How can I get this data from the api? When I download the json version of the Wikipedia page of Markdorf the response of course contains "Fläche" and "Einwohner" but without value next to it. I expected to get this value like "Landkreis", that is returned as "key value pair" in the json version of the Wikipedia page: Landkreis = Bodenseekreis
.
Fläche
is listed as Fläche<ref name="Daten & Fakten">[http://markdorf.de/index.php?id=351 ''Daten & Fakten''] auf der Internetseite der Stadt Markdorf, abgerufen am 29. Mai 2015.</ref> |
without any data. The referenced website http://markdorf.de/index.php?id=351 of course contains the information, but in no parsable way.
So: How can I access the information like Fläche
and Einwohner
using the Wikipedia api?
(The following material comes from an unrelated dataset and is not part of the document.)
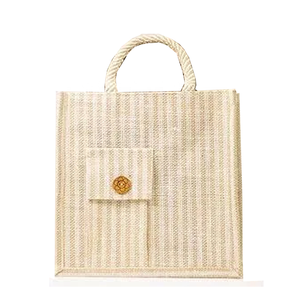 กระเป๋าช้อปปิ้งผ้ากระสอบคุณภาพพรีเมียม ลายเรขาคณิต สไตล์โบฮีเมียน แฟชั่น สะพายง่าย หูหิ้วบุผ้า แข็งแรง จุของได้เยอะ - Product Image 2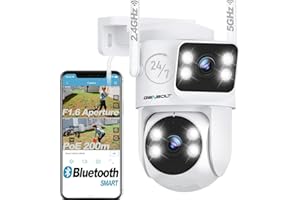 GENBOLT PTZ Kamera Zewnętrzna WiFi 2.4&5GHz, CCTV Monitoringu PoE Kamera IP Zewnętrzna z Kolorowe widzenie nocne, Wykrywanie Humanoidów, Automatyczne śledzenie [Podwójny Ekran]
Also Bevölkerungsdichte
is not returned at all.
Upvotes: 0
Views: 319
Reputation: 1384
Tgr is right, you should use a structured data source instead of trying to parse the wikitext directly. You could use the wikidata query service to build a SPARQL query that returns the area and population based on the name of the town. That query might look like this:
SELECT ?town ?townLabel ?area ?population WHERE {
?town ?label "Markdorf"@de. # find the item labeled "Markdorf" in German
?town wdt:P2046 ?area. # get the area(wdt:P2046) of that item
?town wdt:P1082 ?population. # get the population(wdt:P1082) of that item
SERVICE wikibase:label { bd:serviceParam wikibase:language "
[AUTO_LANGUAGE],de". }
}
The results of that query can be accessed via the Wikidata JSON endpoint (the query is just encoded as the query
parameter in that URL).
Upvotes: 1